What Happened to Nina?
- Author: Dervla McTiernan
- Language: English
- Genre: Thriller
- Publisher: HarperCollins
- Publication date: 6 March 2024
- Pages: 352pp
- ISBN: 9781460760147

= What Happened to Nina? =

2024 novel by Dervla McTiernan

What Happened to Nina? is a 2024 thriller novel by Irish author Dervla McTiernan.

==Plot==
Nina and Simon, a young couple, leave for a weekend at Simon's family cabin in Vermont, but only Simon comes home.

==Critical reception==

A reviewer for Kirkus Reviews noted: "McTiernan turns the traditional thriller on its head by exploring the why and the what over the who. There isn't a lot of mystery here, but there is deep humanity; it's a meditation on grief, and helplessness, and what it means to parent a child who might not live the life you thought they would–or might not be the person you want them to be–and how death removes from each of us the illusion of choice or control over past, present, or future. And that is truly haunting."

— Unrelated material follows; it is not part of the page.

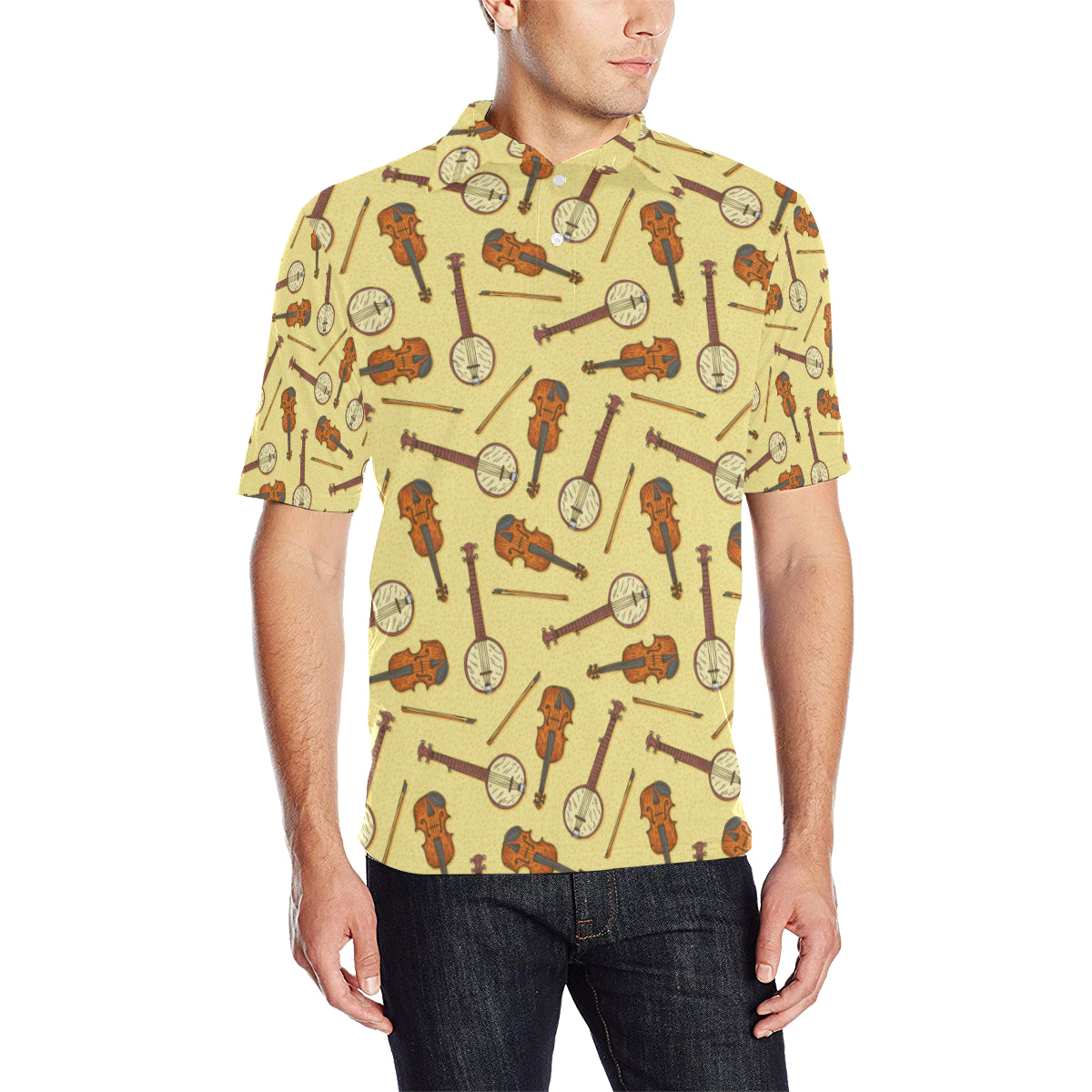 Banjo Violin Pattern Print Design 01 Men Polo Shirt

Sarah Reida, writing for the Crime Spree magazine was impressed with the novel: "What Happened to Nina by Dervla McTiernan is the best book I've read this year. It's engrossing from start to finish, playing out two scenarios, either of which could be construed as a parent's worst nightmare, and leading to an ending that made me sit and think for quite a while...This book is of a indeterminate genre. It had me on the edge of my seat–I finished it in three days–but it's not truly a thriller, or a mystery. We know exactly what happened to Nina, and we're watching how the events unfold towards the end of closure and/or discovery. It is a thriller in the sense that we race to the end, wanting closure and wanting justice, but this book is more character-driven."